Having data analysis and visualization skills is increasingly important in the new age of Large Language Models and generative AI. But how does a non-Python developer skill up rapidly with the tools & best practices required to achieve project goals, without having the benefit of years of Python or data science experience? This is where the right developer tooling, with a little bit of AI assistance, can help.
In this talk, we'll go from identifying an open-source data set, to analyzing it for insights and visualizing relevant outcomes, in 25 minutes - with just a GitHub account and an OpenAI endpoint.
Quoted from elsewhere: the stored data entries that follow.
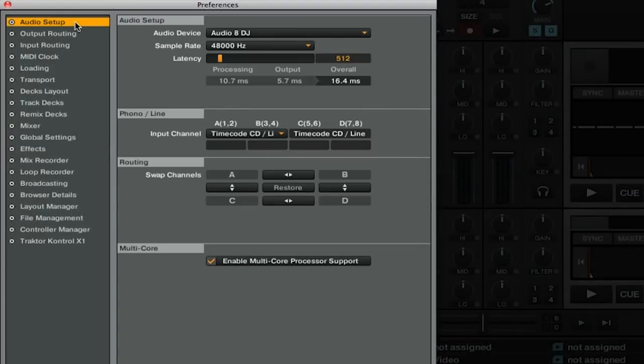You want to make sure that your audio device is your multi-channel sound card. For me, this is the Audio 8 DJ, but if you're using something like the Control S4, that is what you would want to select for your audio device.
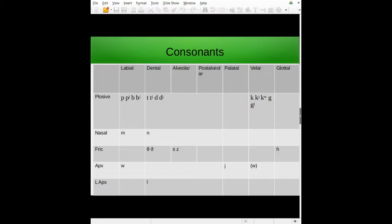That's all the consonants in the language. When I was making this conlang, I was basing the consonant inventory off of Proto-Indo-European, or at least what Wikipedia said about it. Wikipedia is not exactly trustworthy, but it's the only source I could find, so sorry about that.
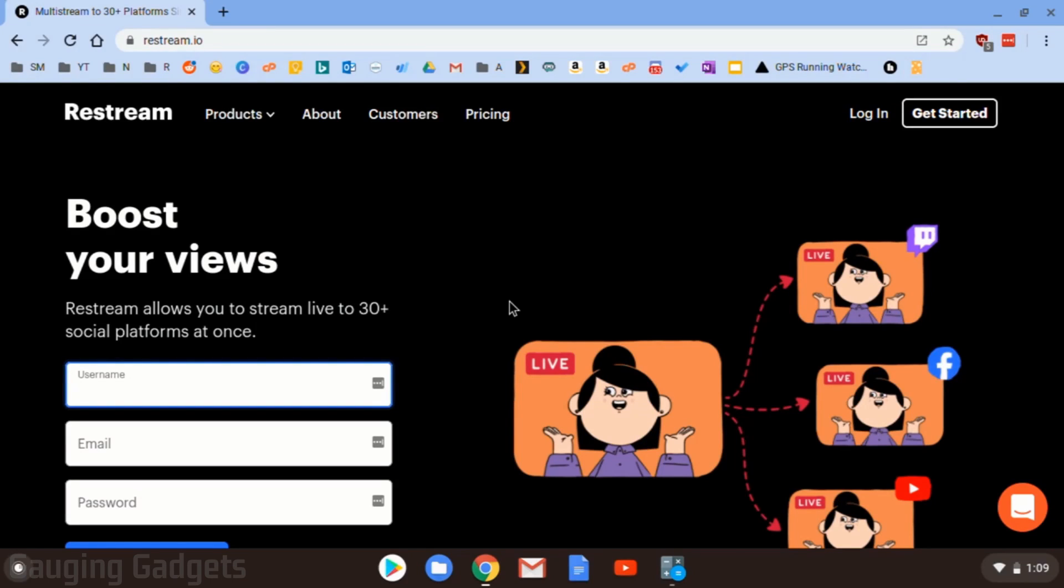Hey guys, welcome to another Gauging Gadgets Chromebook tutorial video. In this video, I'm going to show you how to live stream to Twitch, Facebook, YouTube, and many other live streaming platforms all from your Chromebook.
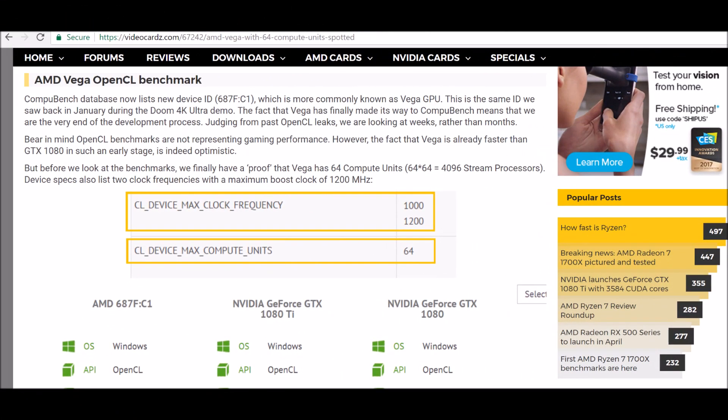Hello this is Dee and I'm back with another video. AMD Vega finally has made an appearance in a third-party benchmark. Now we have official numbers from the Vega GPU.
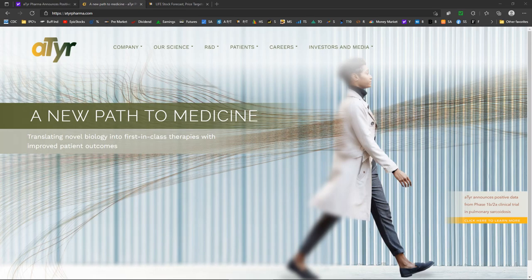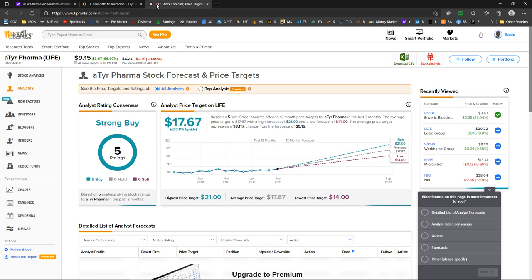So who are these people? ATYR, a new path to medicine. Price target $17.67, average $21 high, $14 low.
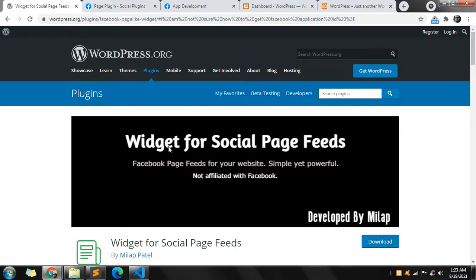Hi everyone, welcome back to my channel Code Canvas. In this video I will explain how you can integrate a Facebook page feed widget in your WordPress website. WordPress is one of the popular CMS and more than 27 percent of websites are developed in WordPress.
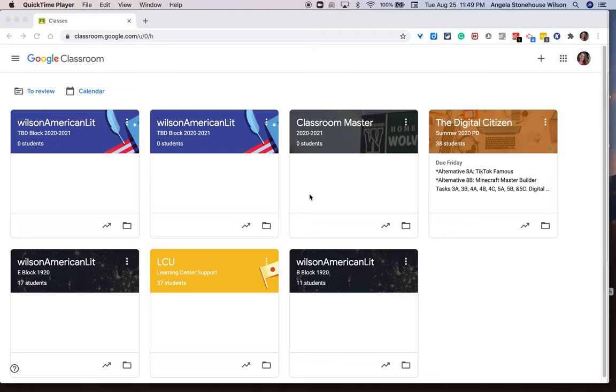Hi everyone! Welcome to this tutorial on Google Classroom's stream. So let's get started.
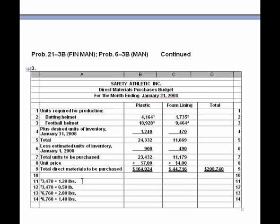Following the footnotes, we calculate the batting helmet plastic amount, the foam lining, and then the same two raw ingredients for the football helmet. We then consider the desired ending inventory, come up with the total to account for, back out the estimated existing inventory units, and determine the exact quantity to purchase. Multiplying by the purchase price gives us the direct materials purchases budget — we do this for every raw component, then add them up for the total direct materials to be purchased.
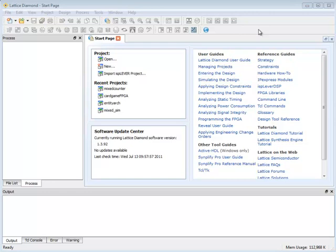Hello, this is Brian Caslis for Lattice Semiconductor. I'm going to go through an overview of the Lattice Diamond software.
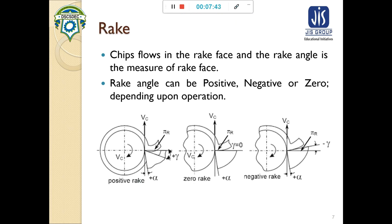Now we will discuss the rake surface — what rake does, how the rake surface affects surface finish, what the effects of rake are, what variations in rake are possible, and what are the advantages and disadvantages of having a particular type of rake. The main function of rake is to remove the chip from the workpiece.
Along the way, we'll introduce you to a series of developer tools that make your journey easier:
- Open Dataset: to "analyze" - from Kaggle, Hugging Face, or Azure
- Data Wrangler: to "sanitize" data - extension from Visual Studio Code
- Jupyter Notebook: to "record" process - for transferable learning
- GitHub Codespaces: to "pre-build" environment - for consistent reuse
- GitHub Copilot: to "explain/fix" code - for focused learning with AI help
- Microsoft LIDA: to "suggest/build" visualization goals - for building your intuition with AI help
The talk comes with an associated repo that you can fork - then replace with your own dataset to extend or experiment on your own later. By the end of the talk you should have a sense of how you can go from discovering a data set to getting some visual insights about it, using existing tools with a little AI assistance.